Investigating Gross versus Net Land Cover Change in CESM 2/CLM5 as part of the LUMIP/CMIP6 Tier 2 simulations

PI contact: Peter Lawrence
This project will investigate the global and regional effects of gross versus net land use and land cover change (LULCC) transitions on climate and the carbon cycle in the Community Land Model version 5 (CLM5) and the Community Earth System Model version 2 (CESM2). The simulations involved will be particularly important as an extension to the LUMIP and Scenario Model Intercomparison Project (ScenarioMIP) projects in CMIP6. 
 

Impacts of global land use decisions on climate, ecosystems, and human well-being

PI contact: Deborah Lawrence
This project will test the effect of alternative global land futures—increasing forest cover, decreasing forest cover, and increasing biofuels—on climate, ecosystems, and the services they provide, at both the global scale and at a focal region in East Africa. Ultimately, it aims to understand the extent to which land-based mitigation through expanding forest cover can offset fossil-fuel driven climate change through biogeophysical and biogeochemical processes. 
 

Impacts in a 1.5 C scenario with mixed mitigation and geoengineering

PI contact: Simone Tilmes
This project will evaluate a range of physical climate outcomes, as well as crop yields, when a forcing pathway aimed at limiting global mean temperature change to 1.5 C by 2100 is achieved through a combined emissions reduction/geoengineering strategy, and compare them to those occurring under the same forcing pathway achieved through emissions reduction only. Investigating the consequences for this particular scenario is of special interest given the Paris Agreement’s long-term goal of limiting warming to well below 2 C and possibly to 1.5 C. These scenarios may also be used to contribute to a special report produced by the Intergovernmental Panel on Climate Change (IPCC).  
 

Assessing future climate change impact on crop yield in the Americas

PI contact: Guiling Wang
This project will assess the effect of climate change on crop yield in the Americas, using multiple regional climate model simulations to force CLM5. In particular, the project will contrast the effect of using boundary conditions from six individual general circulation model (GCM) simulations in the regional climate model with using an ensemble mean climate as a boundary condition. The simulations will test whether a single regional climate simulation, forced with the ensemble mean, can capture mean climate and provide a realistic magnitude of interannual variability. If successful, the proposed method would reduce the number of simulations required in future impacts studies.  
 

ScenarioMIP simulations

PI contact: Susan Bates
This project, in combination with a similar project in the Climate Variability and Change Working Group (CVCWG), will complete the ScenarioMIP Tier 2 simulations (O’Neill et al., 2016).
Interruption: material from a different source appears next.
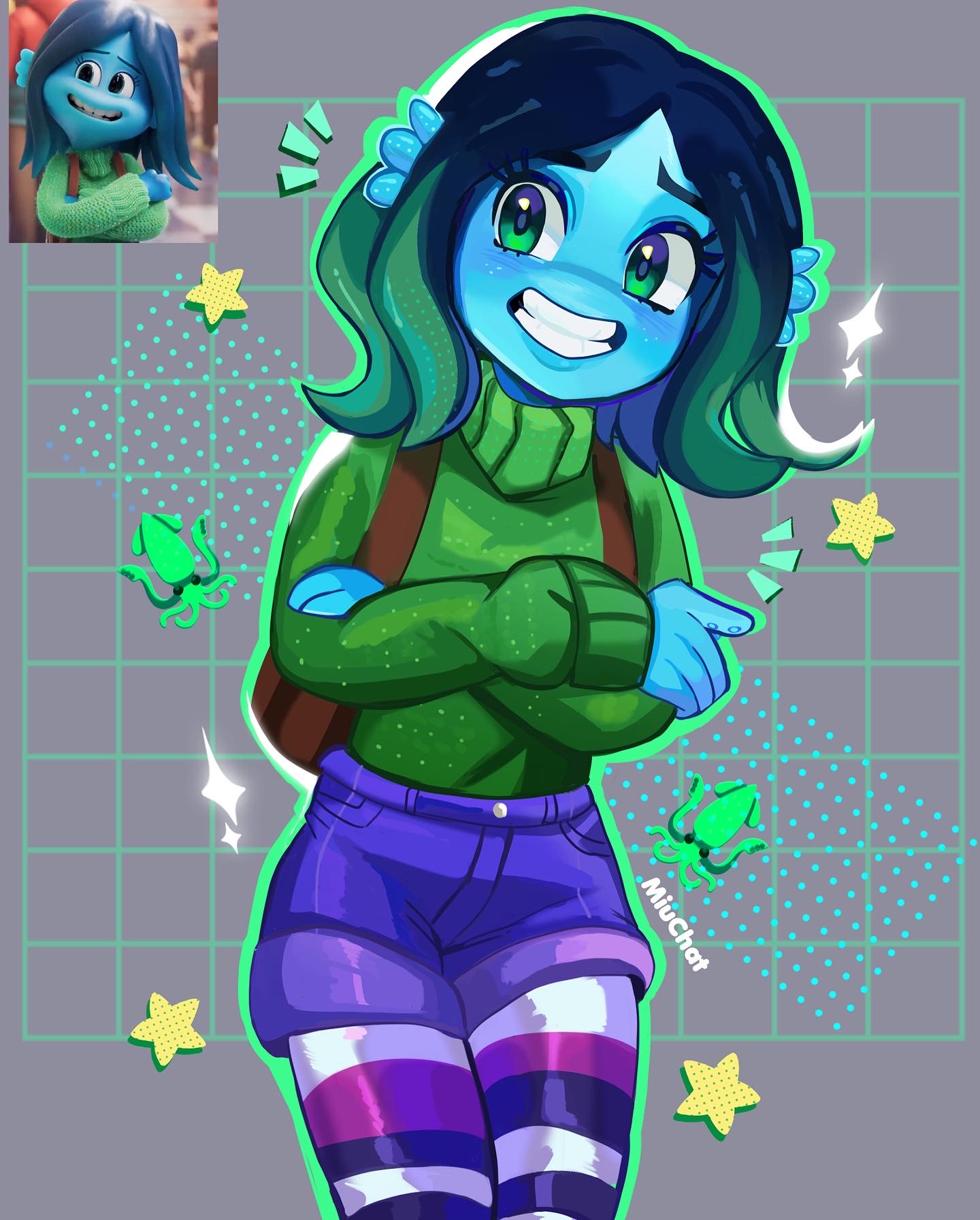1girl blue_hair blue_shorts blue_skin colored_skin fins green_eyes green_hair green_sweater grin head_fins highres miuchat_cat monster_girl multicolored_hair official_art_inset pantyhose reference_inset ruby_gillman ruby_gillman:_teenage_kraken shorts simple_background smile socks solo striped striped_socks sweater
The ScenarioMIP Tier 2 simulations explore the effect of different emissions, land cover scenarios on future climate. In particular, Tier 2 adds simulations with radiative forcings of 6.0 W/m2, 3.4 W/m2, 1.9 W/m2, as well as an overshoot scenario that branches from the 8.5 W/m2 scenario and reaches 3.4 W/m2 in 2100. Such radiative forcing pathways are important as they fill gaps between existing scenarios and the new ScenarioMIP Tier 1 simulations.